Abstract

The exploration of space is a global endeavor that demands sophisticated technologies and skills to ensure survival in harsh environments. Graphene aerogels have demonstrated great potential for thermal insulation and electromagnetic protection in the aerospace industry because of their low density, porous structure, and high dielectric properties. However, their weak mechanical properties are a severe limitation in harsh environments, hindering their diverse applications such as microwave absorption (MA). To address this issue, we prepared zirconia fiber (ZF)/reduced graphene oxide (rGO) composite aerogels through bidirectional freezing and subsequent thermal annealing. The resultant lamellar structure of the composite aerogels exhibits exceptional mechanical properties, such as high compressive deformation up to 90%, excellent cyclic compressibility, low thermal conductivity of 0.027 W·m−1·K−1, and superior MA performance with a minimum reflection loss (RLmin) of −72.2 dB at a thickness of 2.1 mm and an effective absorption bandwidth (EAB) of 8.4 GHz (9.6–18.0 GHz).
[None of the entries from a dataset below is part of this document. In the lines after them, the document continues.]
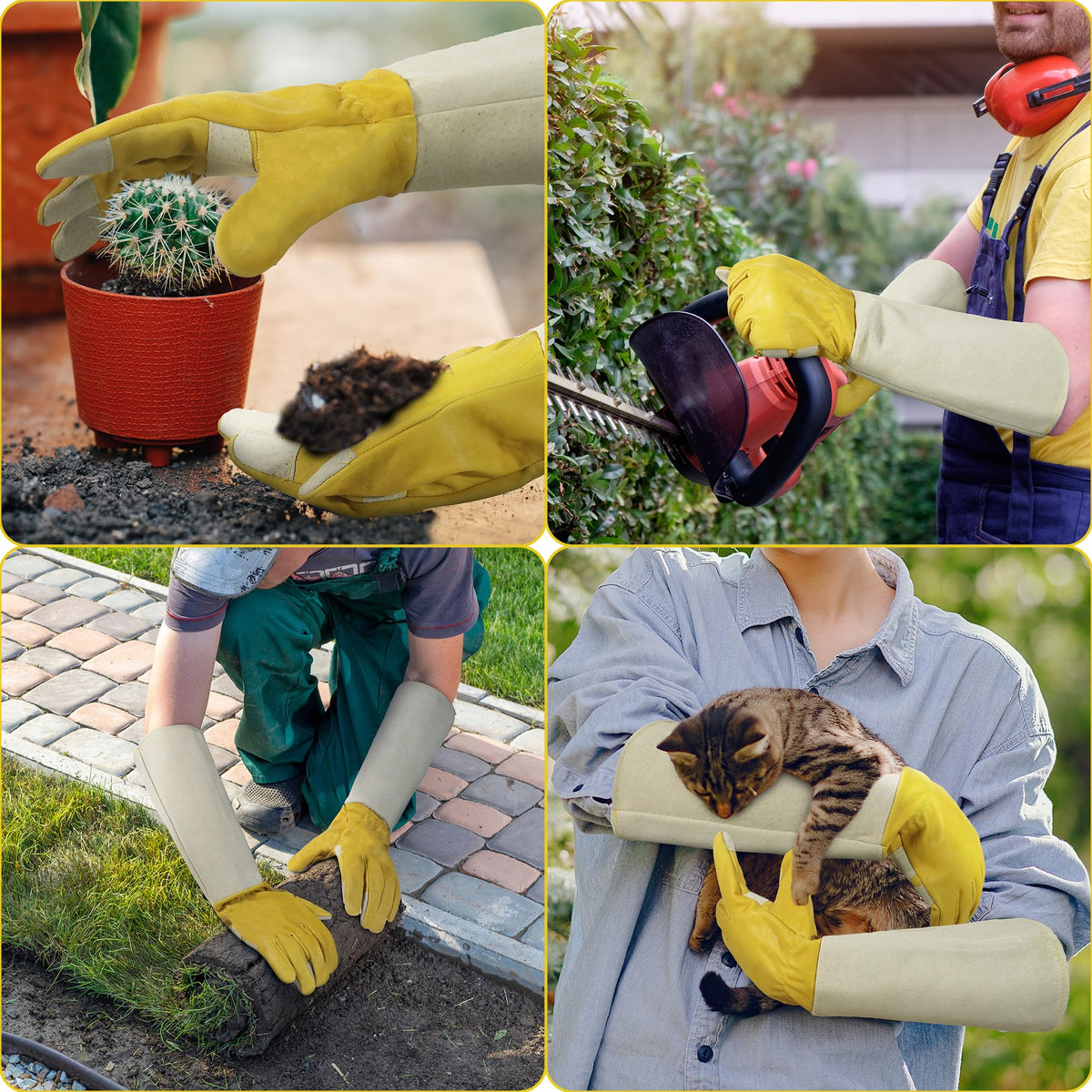 HANDLANDY Ideal gift for gardeners who value protection and comfort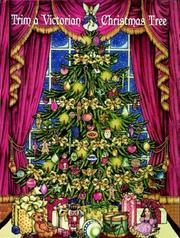 Cover of: Trim a Victorian Christmas Tree: With 83 Sticker Ornaments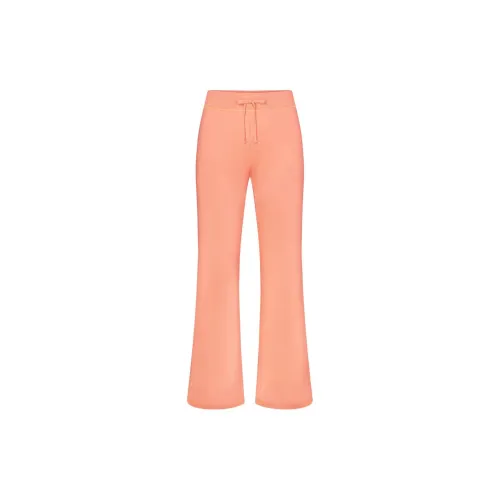 Skims Casual Pants Women's NEON ORANGE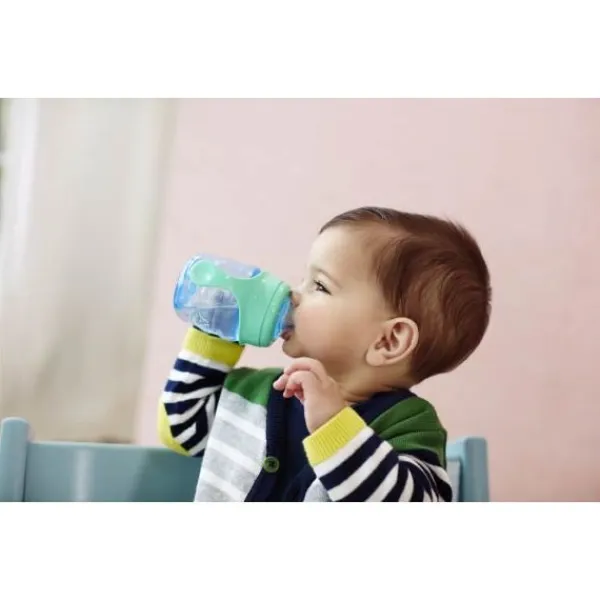 Philips Avent Beker Met Drinktuit 200ml Blauw SCF551/05> Bekers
Furthermore, the absorbing coatings based on modified ZF/rGO composite aerogels have significantly reduced radar cross-section by 22.94 dBsm. Consequently, the composite aerogels exhibit robust mechanical properties and excellent MA performance after high- and low-temperature treatments, showing high potential for advanced applications in space suits, spacecraft, and probes and so on.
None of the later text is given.